> Supplied data:
-- Opening Marker --
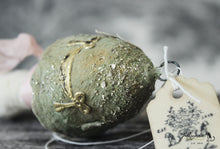 Laden Sie das Bild in den Galerie-Viewer, Spun Cotton Ornament Brown Mushroom "With Love"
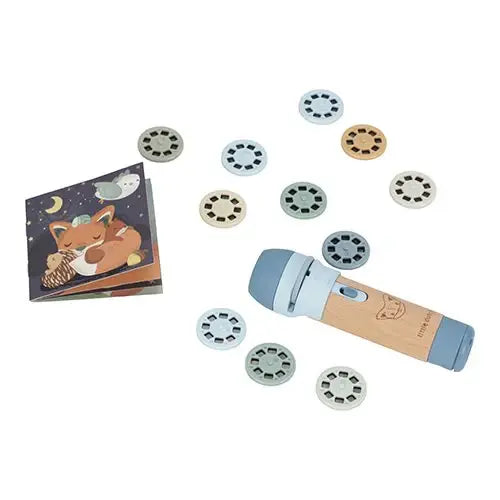 Little Dutch | Bedtime Stories | Zaklamp met Houten Handvat | Mini Projector | Blauw | 13 dlg | 4+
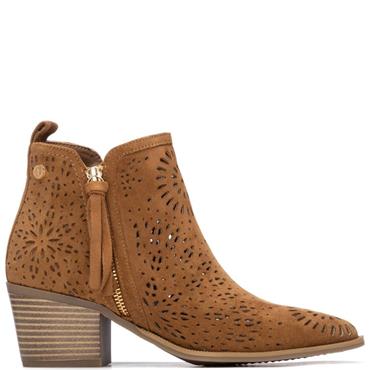 XTI WOMENS ZIP ANKLE BOOT - CAMEL SUEDE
-- Closing Marker --
Only the pictures are to be left out; all other material is to be output exactly.

> Response area:
 Laden Sie das Bild in den Galerie-Viewer, Spun Cotton Ornament Brown Mushroom "With Love"
 Little Dutch | Bedtime Stories | Zaklamp met Houten Handvat | Mini Projector | Blauw | 13 dlg | 4+
 XTI WOMENS ZIP ANKLE BOOT - CAMEL SUEDE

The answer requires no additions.